Friday, August 14, 2015

Yesterday I went with the Master Gardeners on a tour of the Dubuque Botanical Gardens and they were magnificent.  I rode with a gardener who just moved to the lake and her best friend.  Book Club friend, Joan, was my buddy for the day.  The drive to Galena was beautiful as usual.  We all chatted during the drive and I got to know all of the girls a lot better.

We arrived at the gardens about 9:45 and walked with a gentleman who had worked there as a volunteer for so many years he forgot how many.  He filled us in on the history of the garden.  They rent the acreage from the city of Dubuque and the garden is tended by volunteers.  They have only one paid employee.  The lady at the front desk is in her nineties and was a charm.  They get volunteers from people doing community service and companies that require their employees to volunteer so many hours a year.  What a wonderful city Dubuque must be.

We toured the herb garden first and I could have just lived there.  I saw many herbs that I was not familiar with.  They had a sign for a Chinese parsley but the plant was dead and I couldn’t see what it looked like.  Note to self:  look this up on line.

There was a formal English garden and a really lovely Japanese garden.  There was a garden entirely of hostas and we got to meet the couple that maintains that garden.  Each garden is adopted by an individual and they plan the design and supervise the volunteers who do the actual work.

At the Japanese garden our tour guide yelled at a little boy who threw a rock into the pond.  No rock throwing here.  I commented to Joan that I wondered what he would do if I just took a big leap and did a cannonball into the pond.  She said she didn’t think he would like it too well.  There was a beautiful waterfall with moss growing all over it.  The place was so peaceful.

The perennial garden was very well planned and the color schemes were so pretty.  The annual garden consisted of individual gardens with just that one annual.  I saw so many different plants and they were all labeled as to what they were with formal names and common names.  That was very educational.  Our guide said some of the plants were planted thirty years ago when they first started the gardens.

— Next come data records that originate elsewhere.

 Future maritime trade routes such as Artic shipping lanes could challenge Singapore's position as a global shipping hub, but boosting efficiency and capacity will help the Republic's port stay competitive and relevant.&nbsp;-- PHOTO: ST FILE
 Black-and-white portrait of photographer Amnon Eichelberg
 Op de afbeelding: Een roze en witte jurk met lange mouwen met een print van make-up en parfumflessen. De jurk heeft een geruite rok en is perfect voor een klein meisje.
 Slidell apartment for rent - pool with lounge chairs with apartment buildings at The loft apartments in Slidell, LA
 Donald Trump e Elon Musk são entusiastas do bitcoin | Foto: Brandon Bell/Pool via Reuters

People in the community donate plants that they thin from their own yards and gardens.  I was truly amazed at how well the garden was maintained.  A lot of the beds were mulched with leaves which I thought such a good idea.

We had lunch which we had packed in a screened in porch at the back of the gift shop.  It was very nice and not too hot.

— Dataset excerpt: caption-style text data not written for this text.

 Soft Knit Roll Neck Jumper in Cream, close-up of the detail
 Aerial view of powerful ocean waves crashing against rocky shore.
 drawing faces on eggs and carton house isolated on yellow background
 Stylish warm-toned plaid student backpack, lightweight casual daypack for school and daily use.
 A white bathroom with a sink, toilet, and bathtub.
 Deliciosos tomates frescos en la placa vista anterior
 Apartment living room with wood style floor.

After lunch we took a golf cart tour with another gentleman volunteer.  He took us to the top of a hill that was planted with all different kinds of evergreen trees and shrubs.  Everything was labeled here also.

Our guide took us to where they kept the machinery and we met the couple who do another garden at the park.  We toured the outer perimeter which abuts a scout camp and another youth camp.  There were kids lined up to zip line.  We saw one girl go and watched as she flew across the big gulch below.  Oh I want to do that so badly.

We ended our golf cart tour and some went to the Prairie garden but it looked too buggy for me and it was beginning to get hotter.  I went back to the herb garden and strolled for a while and decided I needed some shade.  I sauntered over to the hosta garden and enjoyed the shaded area.  I wandered around and took in the Japanese garden from a different standpoint.  There are little ponds above it that connect to another one below it and another below that.

We were introduced to the dripping pond at the bottom where the water just drips slowly into the little pool.  It was a beautiful place to meditate.

We gathered back together and decided it was time to head home.  One the way back we stopped at a lovely little nursery and Joan purchase a Baptisia plant that is supposed to be a plant that deer don’t like.  She is having a deer problem this year.

We made it back to Freeport and I drove Joan home.  I got back to my house around 4:45 and brought dinner from Freeport.  We had a picnic with fried chicken, potato salad and cole slaw.  Got the day off from cooking, thank you very much.

Well I screwed up putting in the photos.  The top on is looking down into the formal English garden, the second is the Master Gardeners and the bottom is the Japanese garden.